====Python Model (Method)====
The **python model** method is a [[style|function method]] that launches a Python script with a calling convention specifically designed to run calculations or machine learning models as an API.
===Additional Info.json Parameters===
This method requires a **path** parameter - this is the path to the Python script. This path can include [[substitutions|substitutions]].
It should also include a **style** parameter. The value of this parameter should be 'query' (run the AI model with user-provided inputs), or **stream** (run the AI model with recorded history).
The 'query' and 'stream' versions of this function take very different parameters.
===Query Parameters===
Your function should have one input for every input of your AI.
"parameters": [
{
"name": "Temperature",
"type": "float",
"tag": "temp",
"mapping": "Floor Temperature",
"source": "Floor.Temperature - Current",
"default": 24.5
}]
In the example above, we create a parameter called 'temp' of type 'float'. It's human-readable name is 'Temperature'.
When the data arrives in the Python script, the name will be 'Floor Temperature'.
In the user-interface, the default value will be 24.5 degrees, but pressing 'Sync With ARDI' will load the temperature from the live Floor Temperature value.
===Stream Parameters===
"parameters": [
{
"name": "Time",
"type": "timerange",
"tag": "start",
"startname": "start",
"endname": "end"
},
{
"name": "Range",
"type": "string",
"tag": "range",
"default": "10 minutes"
},
{
"name": "Samples",
"type": "integer",
"tag": "grain",
"default": 200
}
]
Above are the expected parameters for a 'stream' function - the start and end times for the data, and a desired resolution.
===How It Works===
When writing your script, you'll use the **ardifunctions.py** library, which will handle ingesting all of the data for you.
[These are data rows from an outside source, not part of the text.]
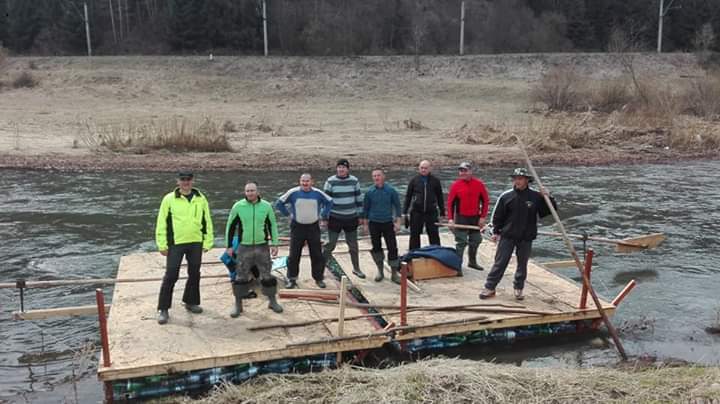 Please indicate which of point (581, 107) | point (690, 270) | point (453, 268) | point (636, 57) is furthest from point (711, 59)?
point (453, 268)

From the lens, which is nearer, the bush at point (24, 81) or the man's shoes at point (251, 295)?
the man's shoes at point (251, 295)

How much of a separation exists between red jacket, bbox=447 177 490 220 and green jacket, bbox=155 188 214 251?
13.0 ft

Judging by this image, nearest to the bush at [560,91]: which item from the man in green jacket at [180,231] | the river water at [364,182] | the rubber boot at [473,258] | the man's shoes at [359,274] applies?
the river water at [364,182]

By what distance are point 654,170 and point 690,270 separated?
12.3 metres

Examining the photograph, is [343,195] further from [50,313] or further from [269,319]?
[50,313]

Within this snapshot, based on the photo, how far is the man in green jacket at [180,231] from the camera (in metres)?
8.30

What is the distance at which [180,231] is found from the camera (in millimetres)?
8328

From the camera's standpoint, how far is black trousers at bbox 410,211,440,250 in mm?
10672

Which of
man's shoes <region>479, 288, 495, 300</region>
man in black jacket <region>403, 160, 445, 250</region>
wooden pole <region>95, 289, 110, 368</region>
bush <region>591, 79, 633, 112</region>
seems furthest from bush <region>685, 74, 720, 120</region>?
wooden pole <region>95, 289, 110, 368</region>

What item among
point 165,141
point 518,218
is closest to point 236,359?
A: point 518,218

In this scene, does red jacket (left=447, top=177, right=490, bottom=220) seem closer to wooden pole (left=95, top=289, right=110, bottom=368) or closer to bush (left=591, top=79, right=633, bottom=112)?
wooden pole (left=95, top=289, right=110, bottom=368)

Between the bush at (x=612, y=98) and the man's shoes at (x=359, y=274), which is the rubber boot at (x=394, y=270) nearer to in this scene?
the man's shoes at (x=359, y=274)

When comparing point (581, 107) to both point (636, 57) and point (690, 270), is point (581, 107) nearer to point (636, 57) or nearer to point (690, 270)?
point (636, 57)

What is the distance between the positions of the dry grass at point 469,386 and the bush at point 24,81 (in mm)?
39058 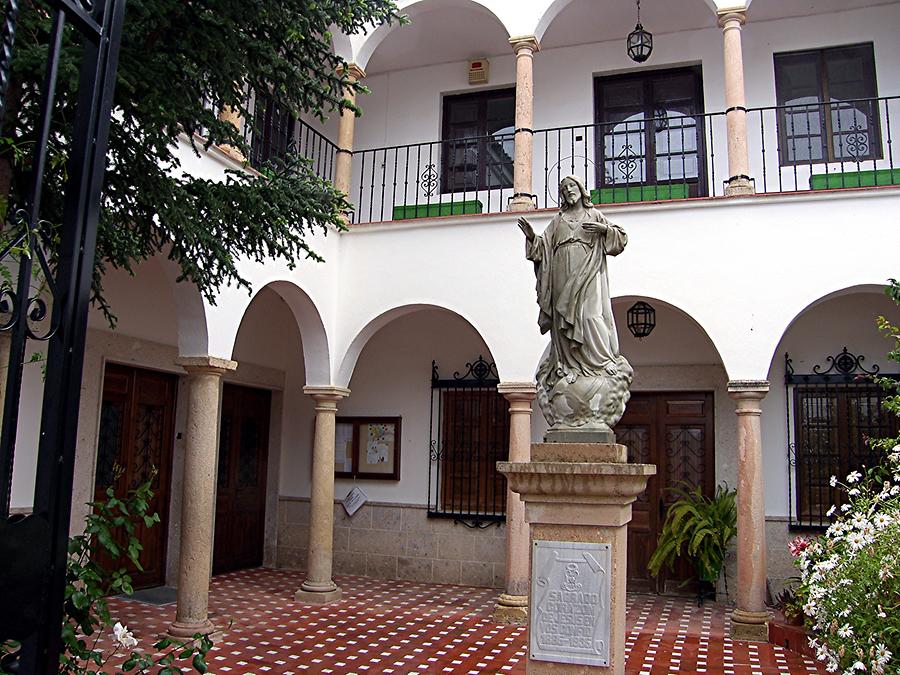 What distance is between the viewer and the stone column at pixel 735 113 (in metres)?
8.24

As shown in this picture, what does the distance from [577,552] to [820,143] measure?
7.54 meters

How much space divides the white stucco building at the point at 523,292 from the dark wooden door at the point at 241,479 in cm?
4

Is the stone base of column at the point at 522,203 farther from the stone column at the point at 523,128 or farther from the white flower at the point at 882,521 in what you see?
the white flower at the point at 882,521

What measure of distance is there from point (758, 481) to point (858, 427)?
2119mm

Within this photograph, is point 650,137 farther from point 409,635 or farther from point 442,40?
point 409,635

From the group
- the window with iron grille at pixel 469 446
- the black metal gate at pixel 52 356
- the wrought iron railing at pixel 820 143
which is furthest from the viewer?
the window with iron grille at pixel 469 446

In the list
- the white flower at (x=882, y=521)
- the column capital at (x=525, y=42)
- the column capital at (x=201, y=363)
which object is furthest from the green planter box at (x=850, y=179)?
the column capital at (x=201, y=363)

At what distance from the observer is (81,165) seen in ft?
5.74

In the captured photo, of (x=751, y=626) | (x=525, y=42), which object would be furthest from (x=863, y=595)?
(x=525, y=42)

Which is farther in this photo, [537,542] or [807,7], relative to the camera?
[807,7]

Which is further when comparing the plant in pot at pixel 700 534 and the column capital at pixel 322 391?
the column capital at pixel 322 391

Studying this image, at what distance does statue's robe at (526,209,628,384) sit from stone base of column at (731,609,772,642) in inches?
172

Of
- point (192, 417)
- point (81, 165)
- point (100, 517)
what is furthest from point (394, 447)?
point (81, 165)

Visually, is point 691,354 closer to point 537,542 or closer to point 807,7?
point 807,7
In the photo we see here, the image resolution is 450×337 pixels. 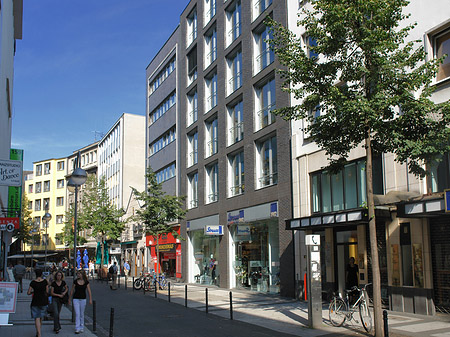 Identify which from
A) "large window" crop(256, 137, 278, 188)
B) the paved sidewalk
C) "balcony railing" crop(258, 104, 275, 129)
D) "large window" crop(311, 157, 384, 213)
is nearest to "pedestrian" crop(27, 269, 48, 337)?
the paved sidewalk

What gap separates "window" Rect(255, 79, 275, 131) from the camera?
→ 85.4 ft

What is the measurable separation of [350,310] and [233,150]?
17.1 m

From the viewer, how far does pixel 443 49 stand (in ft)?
51.5

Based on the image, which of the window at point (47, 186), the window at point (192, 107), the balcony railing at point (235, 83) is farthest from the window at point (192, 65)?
the window at point (47, 186)

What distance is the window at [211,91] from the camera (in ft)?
110

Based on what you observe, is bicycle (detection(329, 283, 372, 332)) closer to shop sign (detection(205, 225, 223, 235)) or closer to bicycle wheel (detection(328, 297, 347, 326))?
bicycle wheel (detection(328, 297, 347, 326))

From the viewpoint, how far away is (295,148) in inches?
902

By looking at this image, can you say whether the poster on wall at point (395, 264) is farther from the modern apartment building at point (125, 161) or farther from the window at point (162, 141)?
the modern apartment building at point (125, 161)

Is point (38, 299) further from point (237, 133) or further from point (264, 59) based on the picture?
point (237, 133)

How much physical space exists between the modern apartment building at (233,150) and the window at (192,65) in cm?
10

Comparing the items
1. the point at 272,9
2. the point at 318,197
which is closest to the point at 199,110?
the point at 272,9

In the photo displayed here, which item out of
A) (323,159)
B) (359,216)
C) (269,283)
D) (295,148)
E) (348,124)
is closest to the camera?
(348,124)

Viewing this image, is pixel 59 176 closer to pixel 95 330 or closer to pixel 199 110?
pixel 199 110

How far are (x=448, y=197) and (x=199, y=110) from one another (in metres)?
24.2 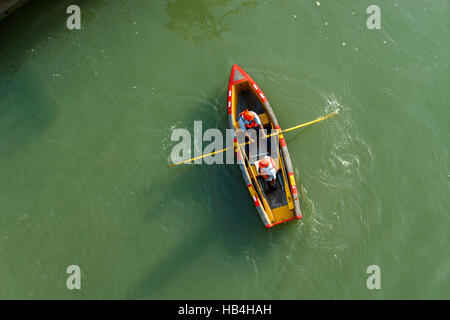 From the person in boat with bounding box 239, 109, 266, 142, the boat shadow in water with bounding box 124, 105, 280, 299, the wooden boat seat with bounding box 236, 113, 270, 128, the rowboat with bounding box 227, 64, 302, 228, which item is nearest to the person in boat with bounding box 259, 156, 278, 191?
the rowboat with bounding box 227, 64, 302, 228

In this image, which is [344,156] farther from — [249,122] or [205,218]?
[205,218]

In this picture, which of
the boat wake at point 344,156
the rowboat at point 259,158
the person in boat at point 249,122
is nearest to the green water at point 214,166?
the boat wake at point 344,156

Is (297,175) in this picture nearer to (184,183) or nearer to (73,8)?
(184,183)

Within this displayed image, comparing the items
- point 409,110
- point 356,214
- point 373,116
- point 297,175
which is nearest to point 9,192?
point 297,175

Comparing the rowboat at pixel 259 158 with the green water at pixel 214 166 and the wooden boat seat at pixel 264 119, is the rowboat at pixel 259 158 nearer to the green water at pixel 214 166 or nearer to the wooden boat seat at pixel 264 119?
the wooden boat seat at pixel 264 119

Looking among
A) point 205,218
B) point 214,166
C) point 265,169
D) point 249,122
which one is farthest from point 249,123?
point 205,218

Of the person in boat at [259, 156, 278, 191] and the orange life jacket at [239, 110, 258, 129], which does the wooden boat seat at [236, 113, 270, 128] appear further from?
the person in boat at [259, 156, 278, 191] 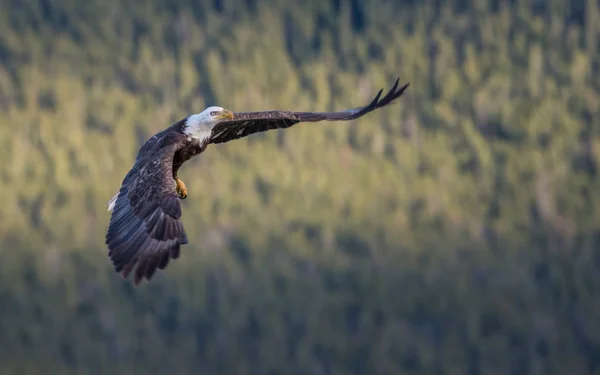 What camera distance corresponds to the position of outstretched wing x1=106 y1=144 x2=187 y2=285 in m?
17.6

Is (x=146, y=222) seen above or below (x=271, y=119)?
below

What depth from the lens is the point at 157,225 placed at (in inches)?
717

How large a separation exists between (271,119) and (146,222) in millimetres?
4587

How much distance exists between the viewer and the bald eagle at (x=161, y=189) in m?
17.7

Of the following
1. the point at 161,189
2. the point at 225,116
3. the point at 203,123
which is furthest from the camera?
the point at 225,116

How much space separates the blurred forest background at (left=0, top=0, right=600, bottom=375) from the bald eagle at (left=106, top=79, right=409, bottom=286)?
60.1 meters

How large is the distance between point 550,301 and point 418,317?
28.7ft

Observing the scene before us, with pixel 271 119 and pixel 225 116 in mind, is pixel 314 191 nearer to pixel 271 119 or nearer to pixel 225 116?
pixel 271 119

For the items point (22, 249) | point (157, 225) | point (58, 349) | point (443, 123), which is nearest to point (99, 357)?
point (58, 349)

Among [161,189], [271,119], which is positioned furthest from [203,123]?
[161,189]

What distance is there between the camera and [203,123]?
21375 millimetres

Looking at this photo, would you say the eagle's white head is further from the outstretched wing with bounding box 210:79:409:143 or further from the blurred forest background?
the blurred forest background

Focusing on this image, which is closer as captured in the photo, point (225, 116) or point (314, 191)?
point (225, 116)

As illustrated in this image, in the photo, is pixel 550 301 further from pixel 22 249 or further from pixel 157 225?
pixel 157 225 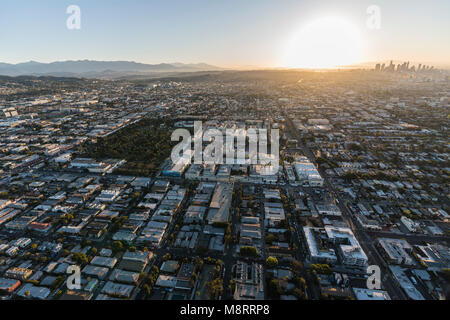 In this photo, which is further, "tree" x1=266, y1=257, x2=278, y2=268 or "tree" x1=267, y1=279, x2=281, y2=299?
"tree" x1=266, y1=257, x2=278, y2=268

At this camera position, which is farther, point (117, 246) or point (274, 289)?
point (117, 246)

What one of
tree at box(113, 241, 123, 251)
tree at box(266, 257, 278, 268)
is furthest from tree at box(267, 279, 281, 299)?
tree at box(113, 241, 123, 251)

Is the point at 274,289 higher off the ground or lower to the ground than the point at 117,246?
lower

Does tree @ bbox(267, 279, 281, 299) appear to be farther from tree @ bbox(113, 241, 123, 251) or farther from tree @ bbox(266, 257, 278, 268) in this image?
tree @ bbox(113, 241, 123, 251)

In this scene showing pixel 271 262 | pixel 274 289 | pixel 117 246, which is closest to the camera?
pixel 274 289

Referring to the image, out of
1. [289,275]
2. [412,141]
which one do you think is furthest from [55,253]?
[412,141]

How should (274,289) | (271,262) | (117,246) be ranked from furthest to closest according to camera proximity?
(117,246) → (271,262) → (274,289)

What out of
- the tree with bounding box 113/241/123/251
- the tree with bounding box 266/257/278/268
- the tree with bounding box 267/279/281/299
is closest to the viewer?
the tree with bounding box 267/279/281/299

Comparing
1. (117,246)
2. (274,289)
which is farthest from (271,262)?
(117,246)

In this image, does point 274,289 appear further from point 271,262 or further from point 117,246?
point 117,246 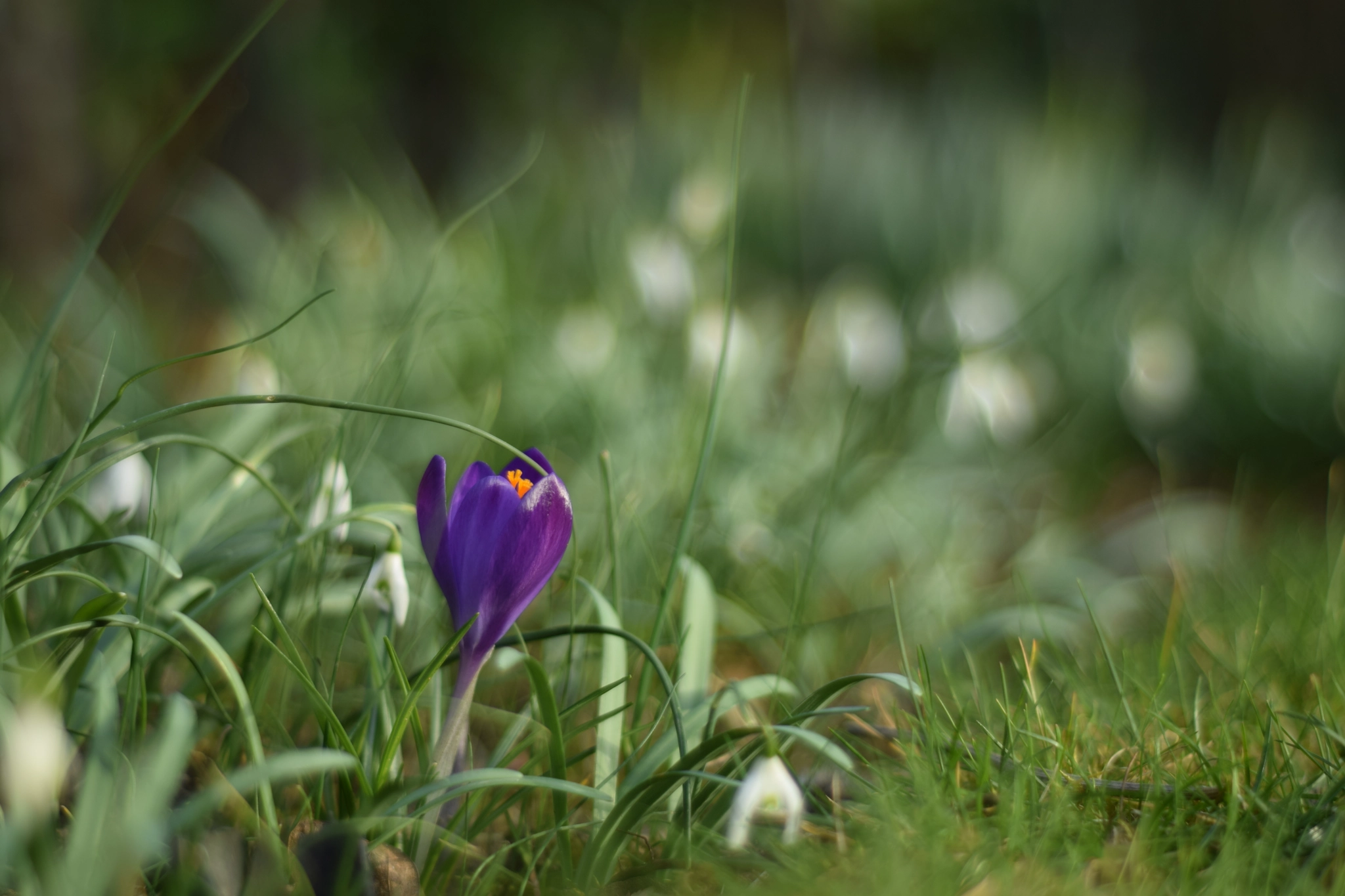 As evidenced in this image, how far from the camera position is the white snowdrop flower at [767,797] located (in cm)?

Below is an example file...
import ardifunctions
import pandas as pd
import numpy as np
defaults = {}
defaults['Floor Temperature'] = 18
dfunc = ardifunctions.DynamicFunction("http://localhost/s/op")
dfunc.query = "'Floor' ASSET AIPOINTS"
dfunc.Defaults(defaults)
dfunc.ParseParameters()
def Calculate(inputs,results):
return {'Output Value': inputs['Floor Temperature'] * 1.2}
dfunc.SingleCalc = Calculate
dfunc.Execute()
This will call the **Calculate** function - which is given a dictionary of parameter values - to calculate the output value(s).
This same code works for both the 'query' or 'stream' version of the function - the only difference is that when called on a range of time rather than an instant, the 'Calculate' function will be called many times rather than just once.
===Making Solutions More Efficient===
If using machine learning models or other algorithms that work well with bulk data, you can use [[Bulk Calculation Functions]].